IF you want to support even just simple CRUD but you want to do that IN FULL! for multiple databases, you have to bite the bullet and implement various paths in your code for each database vendor. That's REALITY. Thinking you don't have to is naive. I'd like to see your insert code do its work on Oracle with sequences, or inserting data in my 'Test' schema in my SqlServer catalog. Not to criticize your code, Paul, but your, sorry, naivete about this subject. :)

Frans Bouma - Saturday, January 10, 2004 10:38:00 AM

There is not much to add to Fran's statement.

My experience when working with Oracle & SqlServer & Access is identical.

SQL is great as programming langauge, but sucks as hell as abstraction. No standardisation that is really worth mentioning. You need special cases everywhere.

One of the glories of our EntityBroker is that I really don't have to care about this (as in every other O/R mapper). This IS a MAJOR pain to do manually.

Thomas Tomiczek - Saturday, January 10, 2004 12:40:00 PM

Thanks for all the links and info Frans. :) I'm sure I'll be adding more vendor specific stuff as I start dealing with more bugs and features.

Right now I just do the auto-ids differently:

"SELECT KeyField = SCOPE_IDENTITY()" for MS SQL,

"SELECT @@IDENTITY AS KeyField" for Access,

"RETURNING " + keyField + " INTO KeyField" for Oracle (this should work for Oracle 9.x if a trigger is setup to add the key from a sequence -- big assumption but it works)

and

"SELECT MAX(" + keyField + ") FROM " + table + " AS KeyField" for the rest (very bad yes, but its my generic attempt at workable)
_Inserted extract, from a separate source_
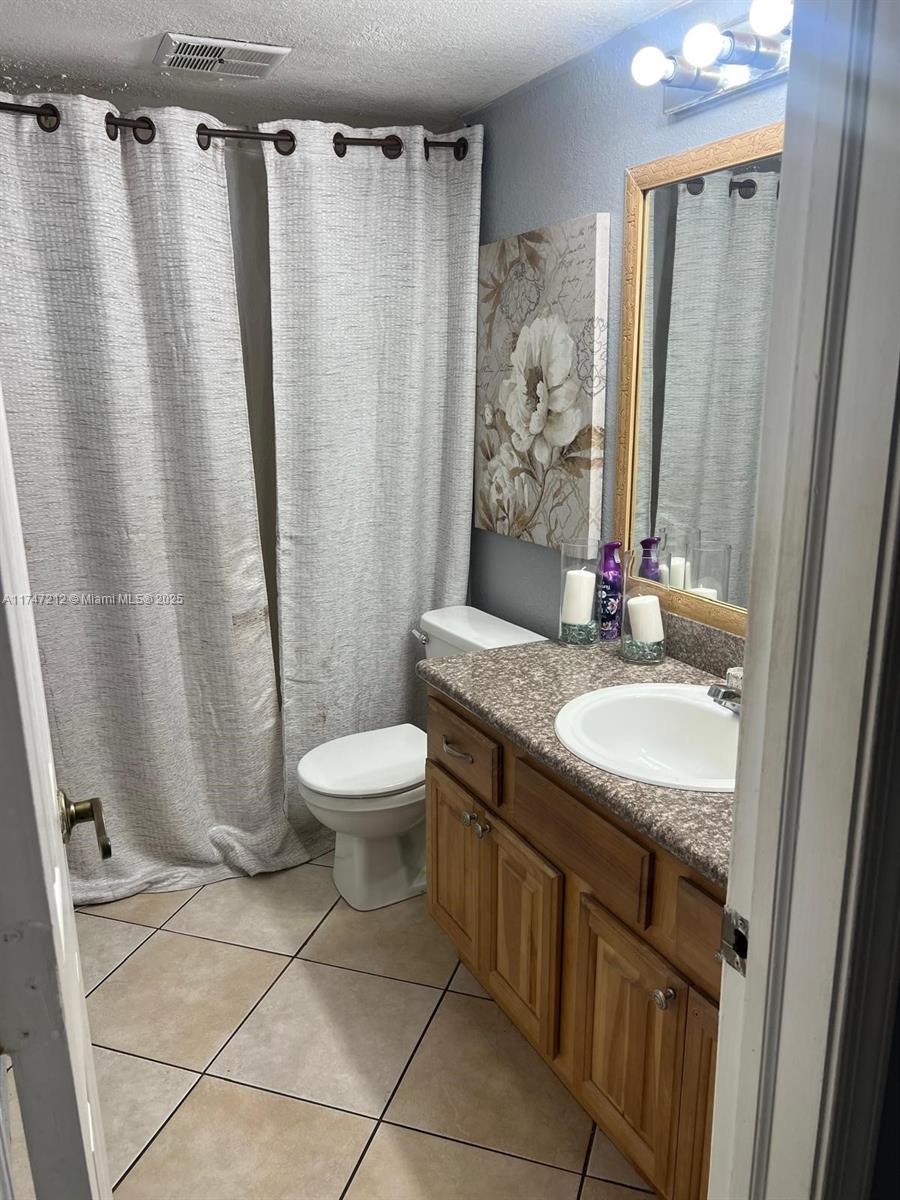 3057 Coral Springs Drive, Unit 102 Coral Springs, FL 33065 - Photo 12 of 26 a bathroom with a granite countertop sink toilet and shower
Good proof of my naivety (spelling?)! I'm committed to getting the basics right, and I'm sure there are lots of assumptions I've made that will result in bugs that I need to fix. I'm not ever going to touch the advanced cases that Frans and Thomas have though.

Thanks, Paul Wilson

Paul Wilson - Saturday, January 10, 2004 2:25:00 PM

Well, what about the BASIC stupid errors.

Now, I have a lesson for you: .NET framework is full of bugs.
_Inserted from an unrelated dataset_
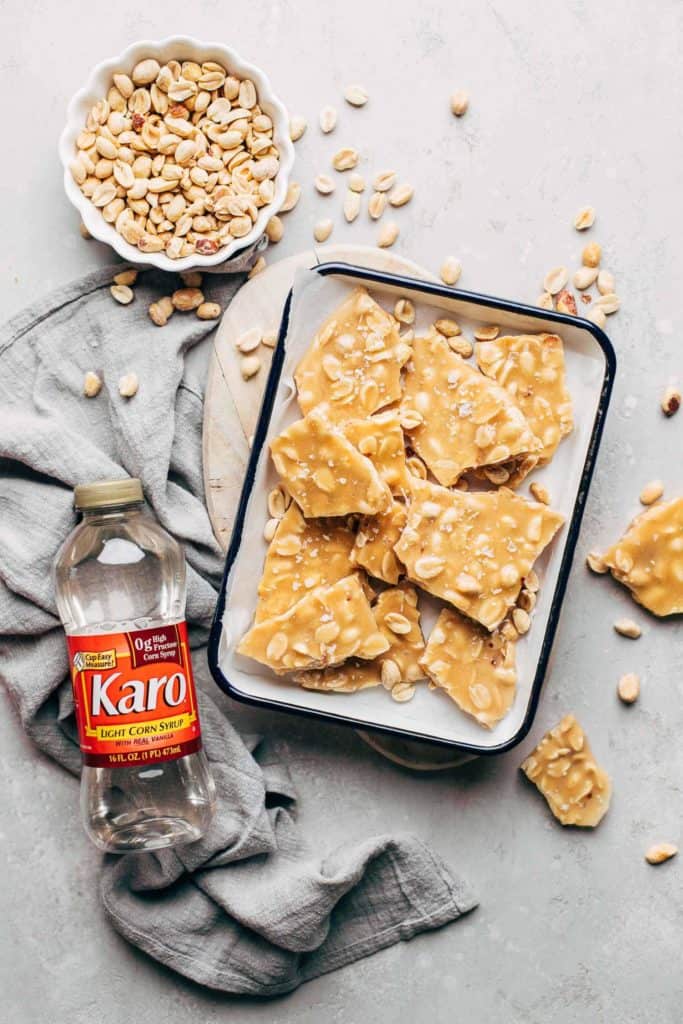 peanut brittle pieces in a small tray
Parameter. Let's set a value :-)

* OleDb vs. Access: you can NOT assign DateTime.Now safely - blows. You HAVE to assign DateTime.Now.ToString ();

* Oracle: you can not assign an empty string "" without also setting he length explicitly. Blows. NULL and strings WITH a length are perfect, and neither in SQL Server nor in OleDb do you ahve to set the length.

Stuff like THIS makes we want to take a big club and visit the programmers.

In the EntityBroker we work by having a "SqlContext" specific for every database - itcontains the sql generation templates, but also helper methods (formatting dates etc., in such a way that the database can deal with it). With every iteration we add new methods. Pretty often - by now - just for handling errors in the access libraries.

Thomas Tomiczek - Saturday, January 10, 2004 2:46:00 PM

Oh, last saying :-)

I jsut decided to add support for "paged queries" to the EntityBroker :-)

You are right - sometimes you just want part of the result set. Now, while I can not actually stop the data to be transmitted from the SQL Server (YET - this will change once YUKON comes around and our server version moves the logic of our DAL into the database), I can make sure it never leaves the DAL.

This means fast discard, and this means:

* No queries for potential additional data (as in: tables that subobjects may have, inheritance wise)

* No transmittion to the object broker, which may be on another computer (as WE do support a remoted DAL).

Yes, makes sense in some scenarios, and is acutally half an hour of work at maximum.

Thomas Tomiczek - Sunday, January 11, 2004 11:33:00 AM

Excellent Thomas! Although you could use filter the page in the database (see the SQL I posted once before that I linked to). Its actually well-performing for millions of records, and far beats bringing more data back and then dropping it.

Paul Wilson - Sunday, January 11, 2004 3:29:00 PM

I am not so sure your SQL is "right on track and optimal", but it is a pretty nifty idea to run a query within a query - pretty nice. I will see that I get this put in as optimization for SQL Server :-)

Thomas Tomiczek - Sunday, January 11, 2004 10:33:00 PM

Comments have been disabled for this content.